*DATA SECTION*.
────────────────────────────────────────

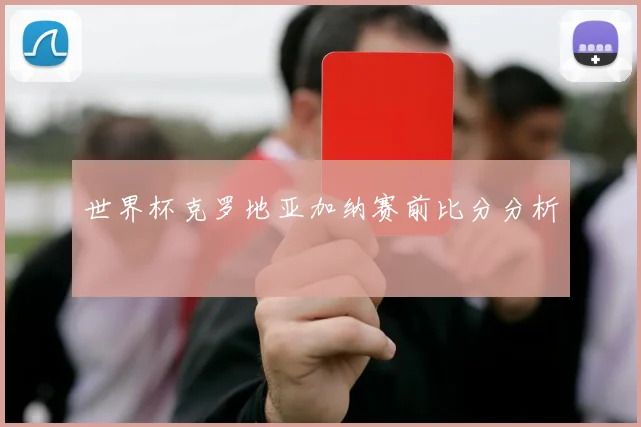 世界杯克罗地亚加纳赛前比分分析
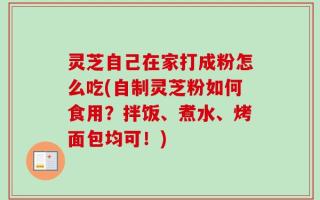 灵芝自己在家打成粉怎么吃(自制灵芝粉如何食用？拌饭、煮水、烤面包均可！)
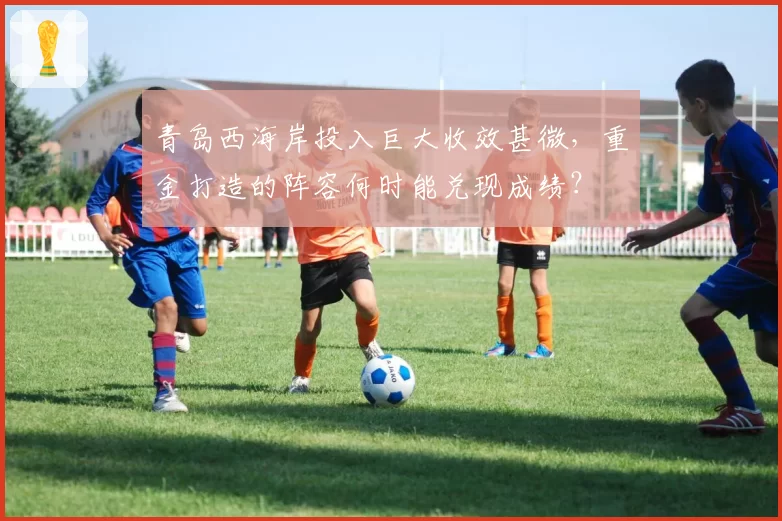 青岛西海岸投入巨大收效甚微，重金打造的阵容何时能兑现成绩？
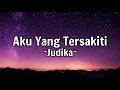 Lagu Judika - Aku Yang Tersakiti (Lyric Music)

────────────────────────────────────────

Each line from the one with "青岛西海岸投入巨大收效甚微，重金打造的阵容何时能兑现成绩？" to the end of the material needs to be output word for word, with no picture included.

*EXPECTED ANSWER*.
 青岛西海岸投入巨大收效甚微，重金打造的阵容何时能兑现成绩？
 Lagu Judika - Aku Yang Tersakiti (Lyric Music)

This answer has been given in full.